In connection with the closing of the acquisition,
at the Effective Time, each outstanding class of preferred shares of F.D.R. Enterprises par value $0.20 per share ("F.D.R.
Enterprises Preferred Class Stock"), was converted into $0.20 preferred shares (the "Stock Consideration") of CDIF’s
Preferred Class “H” Stock, par value $0.001 per share ("CDIF Preferred “H” Stock"). The preferred
share Consideration was adjusted as a result of the authorization and declaration of a special distribution to the preferred F.D.R.
Enterprises stockholders at $0.20 per share with a conversion rate of 1 to 1.25 Common Stock payable to F.D.R. Enterprises shareholders
of record as of the close of business on July 22, 2016 (the "Special Conversion"). The Special Conversion right is granted
as a result of the closing of the sale of certain interests in assets of F.D.R. Enterprises to certain parties designated by CDIF,
which closed on July 22, 2016 (the "Asset Sale"). Pursuant to the terms of the Acquisition.
CDIF issued approximately 1,206,870 shares
of CDIF Preferred “H” Shares as Stock Consideration in the Acquisition. Based on the price of CDIF’s Preferred
“H” Class of stock on July 1
st
, 2016. The acquisition consideration (based on the value of $0.20 in CDIF
Preferred Stock, represents approximately $241,374.00. The LLC has filed to convert to a Tennessee Corporation. An amended 8K
will be filed with audited financials by December 15, 2016.
Third Acquisition:
On August 10
th
, 2016, Cardiff International,
Inc. (CDIF) completed the acquisition of Repicci’s Franchise Group.

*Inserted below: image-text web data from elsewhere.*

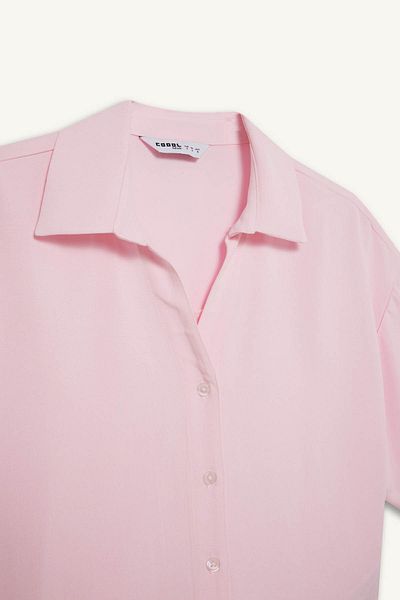 DeFacto Oversize Wide Fit Linen Blended Short Sleeve Shirt C3807Ax25Sm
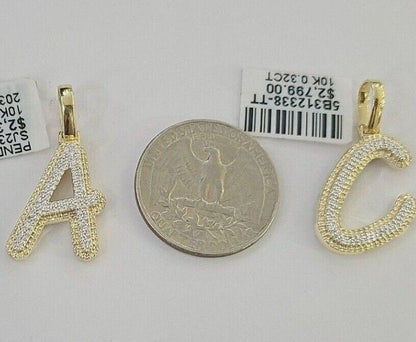10k Real Yellow Gold Genuine Diamond Initial A - Z Alphabet Charm Pendent - Reva Jeweler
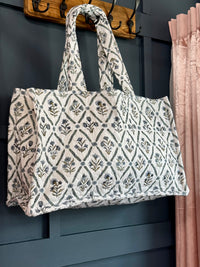 Ida Mae Henrietta Floral Blue Quilted Tote Bag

The acquisition became effective (the "Effective
day") on August 10
th
, 2016.
In connection with the closing of the acquisition,
at the Effective Time, each outstanding class of preferred shares of Repicci’s Franchise Group par value $0.20 per share
("Repicci’s Franchise Group Preferred Class Stock"), was converted into $0.20 preferred shares (the "Stock
Consideration") of CDIF’s Preferred Class “H” Stock, par value $0.001 per share ("CDIF Preferred “H”
Stock"). The preferred share Consideration was adjusted as a result of the authorization and declaration of a special distribution
to the preferred Repicci’s Franchise Group stockholders at $0.20 per share with a conversion rate of 1 to 1.25 Common Stock
payable to Repicci’s Franchise Group shareholders of record as of the close of business on July 22, 2016 (the "Special
Conversion"). The Special Conversion right is granted as a result of the closing of the sale of certain interests in assets
of Repicci’s Franchise Group to certain parties designated by CDIF, which closed on July 22, 2016 (the "Asset Sale").
Pursuant to the terms of the Acquisition.
CDIF issued approximately 1,770,000 shares
of CDIF Preferred “H” Shares as Stock Consideration in the Acquisition. Based on the price of CDIF’s Preferred
“H” Class of stock on July 1
st
, 2016. The acquisition consideration (based on the value of $0.20 in CDIF
Preferred Stock, represents approximately $354,000.00. The LLC has filed to convert to a Tennessee Corporation. An amended 8K
will be filed with audited financials by December 15, 2016.